Gebruik de volgende stappen om uw notebookimplementatie te voltooien met behulp van de implementatiepijplijn.
Maak een nieuwe implementatiepijplijn of open een bestaande implementatiepijplijn. (Zie voor meer informatie Aan de slag met implementatiepijplijnen.)
Wijs werkruimten toe aan verschillende fasen op basis van uw implementatiedoelen.
Items selecteren, weergeven en vergelijken, inclusief notitieblokken tussen verschillende fasen, zoals wordt weergegeven in het volgende voorbeeld. De gemarkeerde badge die het aantal gewijzigde items aangeeft tussen de vorige fase en de huidige fase.
Selecteer Implementeren om uw notebooks te implementeren in de fasen Ontwikkeling, Testen en Productie.
(Optioneel.) U kunt implementatieregels selecteren om implementatieregels te maken voor een implementatieproces. Vermelding van implementatieregels bevindt zich in de doelfase voor een implementatieproces.
Fabric ondersteunt het parameteriseren van het standaard lakehouse voor elk notebookexemplaren bij het implementeren met implementatieregels. Er zijn drie opties beschikbaar om het standaard lakehouse van het doel op te geven: Hetzelfde als bron lakehouse, N/A (geen standaard lakehouse) en andere lakehouses.

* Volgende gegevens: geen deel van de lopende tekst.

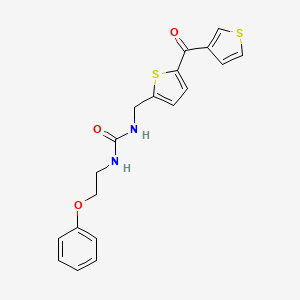 molecular formula C19H18N2O3S2 B2613588 1-(2-Phenoxyethyl)-3-((5-(thiophene-3-carbonyl)thiophen-2-yl)methyl)urea CAS No. 1797141-59-3
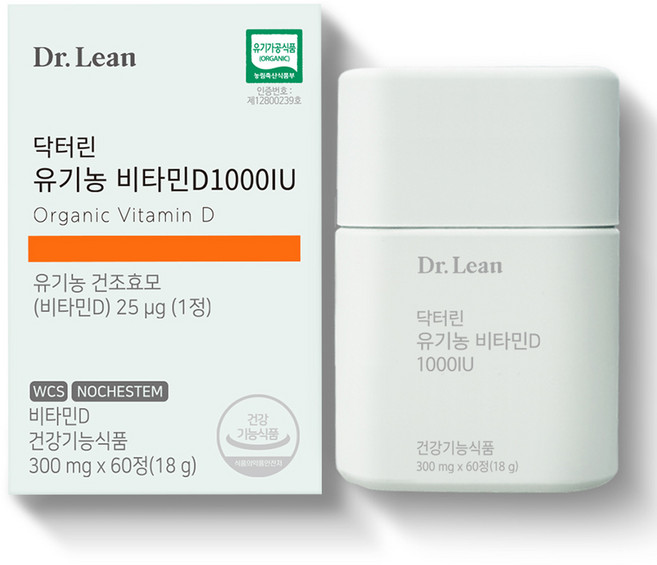 닥터린 유기농 비타민D 1000IU, 60정, 1개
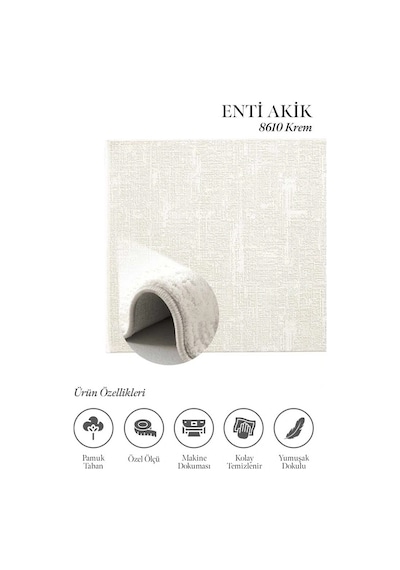 Hoom Rugs Akik 8610 Krem Modern Makine Halısı Krem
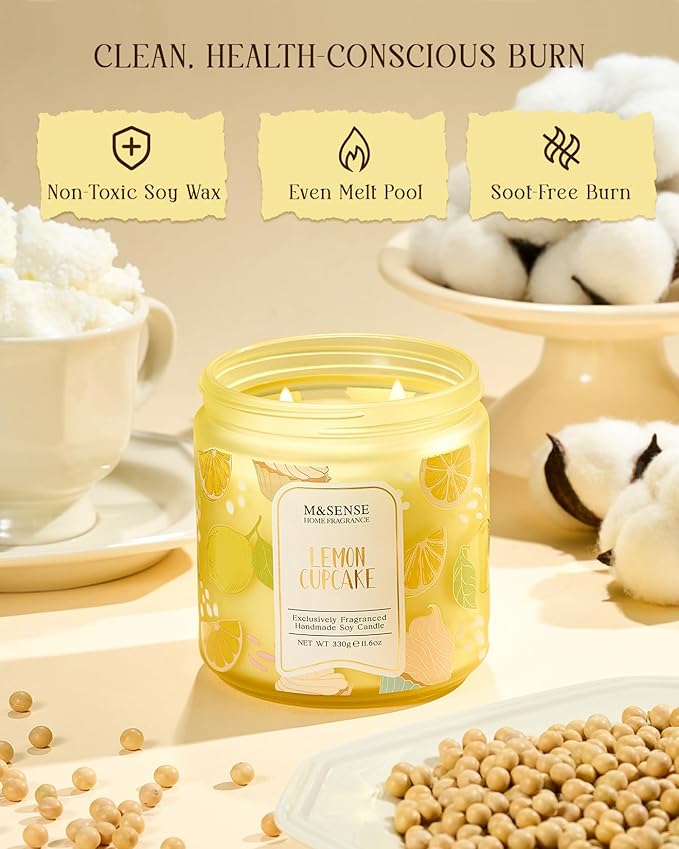 M&SENSE Lemon Cupcake Scented Candle, 11.6oz Natural Soy Wax, 70 Hours Long Lasting Clean Burn, Zesty Citrus Vanilla Aroma for Kitchen Freshness, Holiday Gifts Home Decor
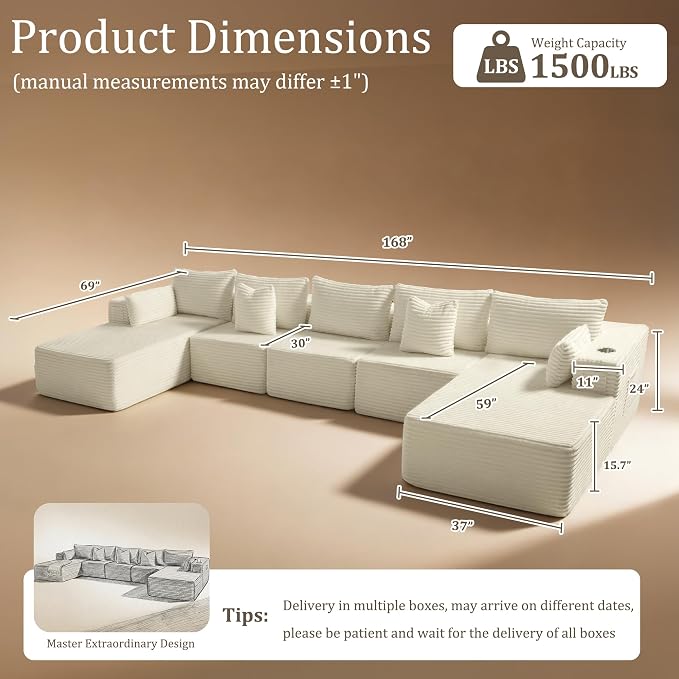 168" Cloud Sectional Couch, Comfort U Shaped Sofa - Image 2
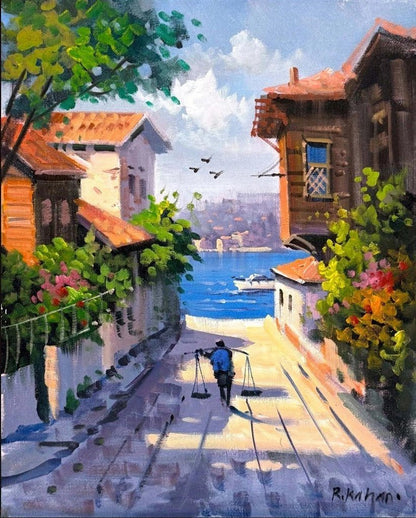Boğazın Kıyısında Sokaklar Yağlı Boya Tablosu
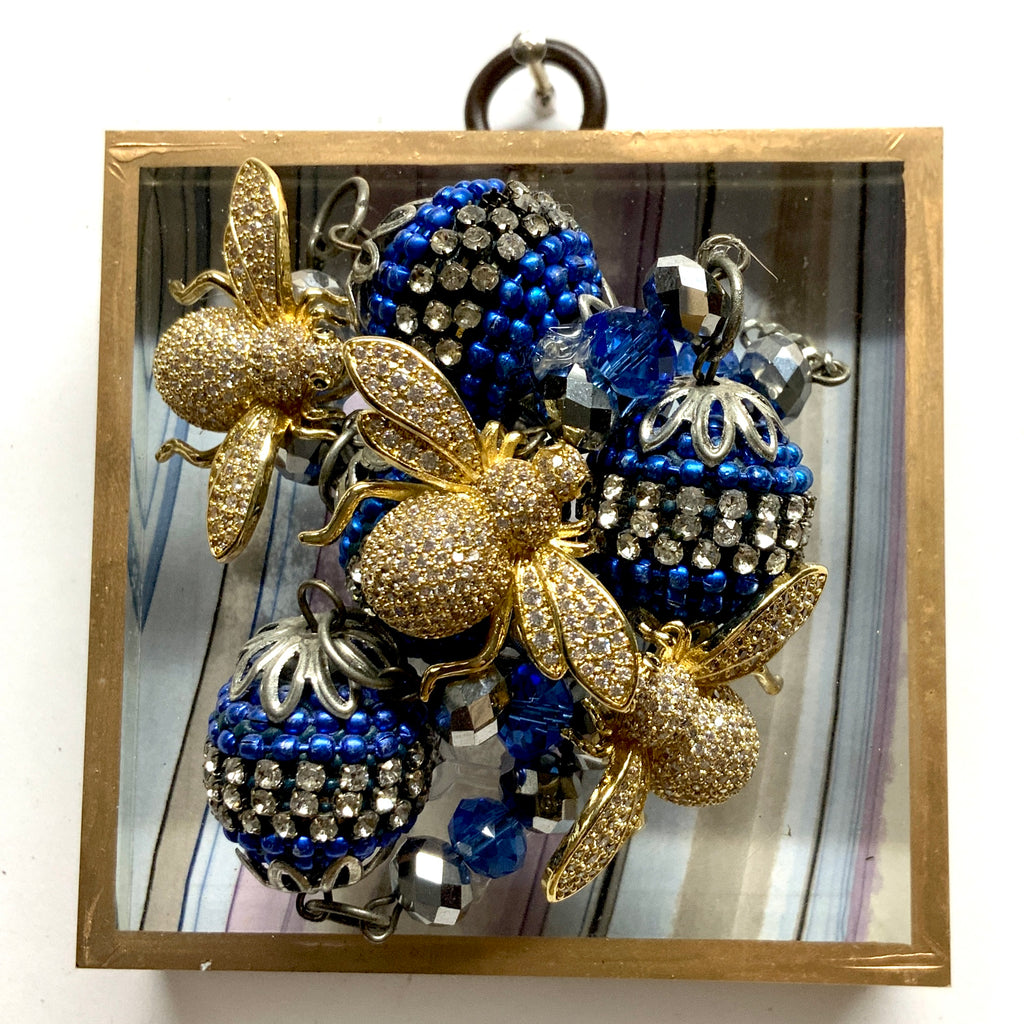 Acrylic Frame with Sparkle Bees on Beads / Slight Imperfections (3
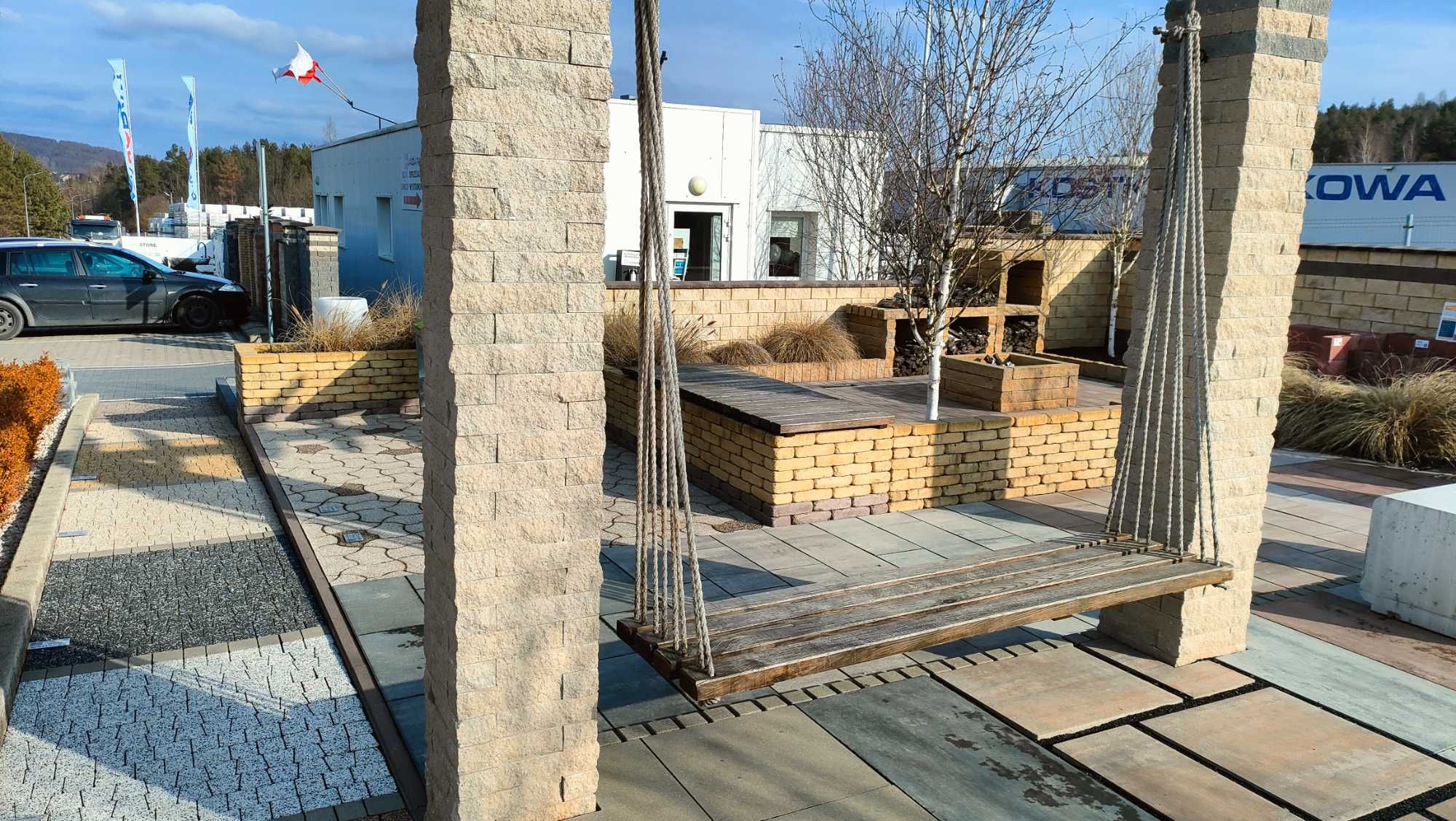 Stół stolik betonowy płyta tarasowa 80x80 kostka brukowa mebel meble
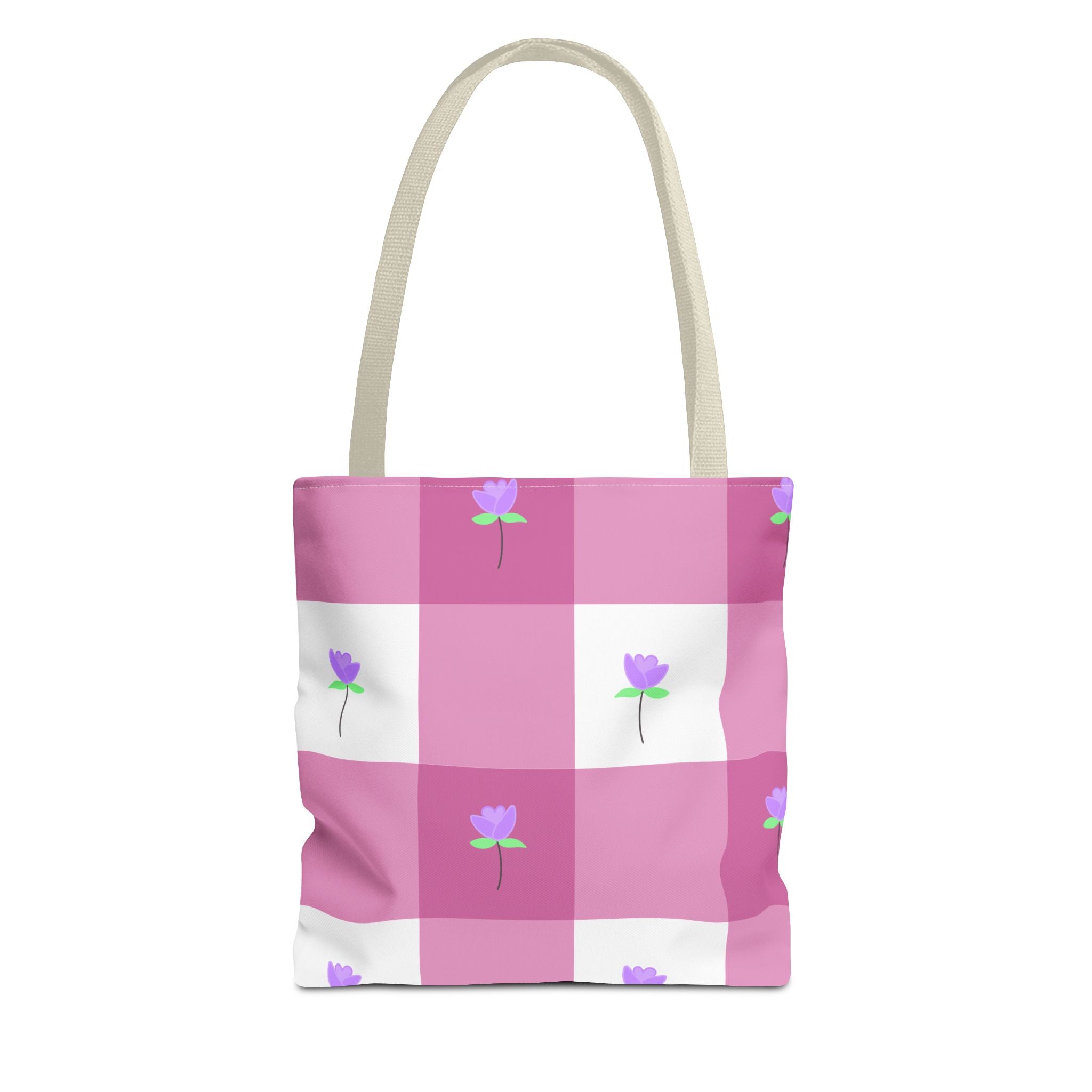 Pink Gingham Tulip Floral Tote Bag — Cute Checkered All-Over Print Tote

U kunt beveiligde gegevensisolatie bereiken door deze regel in te stellen. Het standaard lakehouse van uw notitieblok wordt vervangen door het notitieblok dat u tijdens de implementatie hebt opgegeven als doel.
Notitie
Wanneer u standaard lakehouse instelt in implementatieregels, moet de Lakehouse-id zijn. U kunt de lakehouse-id ophalen via de koppeling naar de item-URL. De implementatieregels hebben een hogere prioriteit dan automatisch binden. Het automatisch gebonden lakehouse wordt overschreven wanneer er een implementatieregel is geconfigureerd.
Bewaak de implementatiestatus vanuit de implementatiegeschiedenis.